Dozier Jeff, Frew James
Donald Bren School of Environmental Science and Management, University of California, Santa Barbara, CA 93106-5131, USA.
Philos Trans A Math Phys Eng Sci. 2009 Mar 13;367(1890):1021-33. doi: 10.1098/rsta.2008.0187.

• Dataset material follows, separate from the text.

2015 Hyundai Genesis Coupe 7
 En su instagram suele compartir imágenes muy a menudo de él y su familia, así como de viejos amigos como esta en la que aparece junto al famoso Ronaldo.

Computational provenance--a record of the antecedents and processing history of digital information--is key to properly documenting computer-based scientific research. To support investigations in hydrologic science, we produce the daily fractional snow-covered area from NASA's moderate-resolution imaging spectroradiometer (MODIS). From the MODIS reflectance data in seven wavelengths, we estimate the fraction of each 500 m pixel that snow covers. The daily products have data gaps and errors because of cloud cover and sensor viewing geometry, so we interpolate and smooth to produce our best estimate of the daily snow cover. To manage the data, we have developed the Earth System Science Server (ES3), a software environment for data-intensive Earth science, with unique capabilities for automatically and transparently capturing and managing the provenance of arbitrary computations. Transparent acquisition avoids the scientists having to express their computations in specific languages or schemas in order for provenance to be acquired and maintained. ES3 models provenance as relationships between processes and their input and output files. It is particularly suited to capturing the provenance of an evolving algorithm whose components span multiple languages and execution environments.
计算溯源——数字信息的前身和处理历史记录——是正确记录基于计算机的科学研究的关键。为了支持水文科学研究,我们利用美国国家航空航天局(NASA)的中分辨率成像光谱仪(MODIS)生成每日积雪面积分数。根据七个波长的MODIS反射率数据,我们估算出每个500米像素中被雪覆盖的比例。由于云层覆盖和传感器观测几何形状的原因,每日产品存在数据空白和误差,因此我们进行插值和平滑处理,以得出每日积雪覆盖情况的最佳估计值。为了管理数据,我们开发了地球系统科学服务器(ES3),这是一个用于数据密集型地球科学的数据软件环境,具有自动、透明地捕获和管理任意计算溯源的独特功能。透明获取避免了科学家必须用特定语言或模式来表达他们的计算,以便获取和维护溯源信息。ES3将溯源建模为流程与其输入和输出文件之间的关系。它特别适合捕获一个不断发展的算法的溯源,该算法的组件跨越多种语言和执行环境。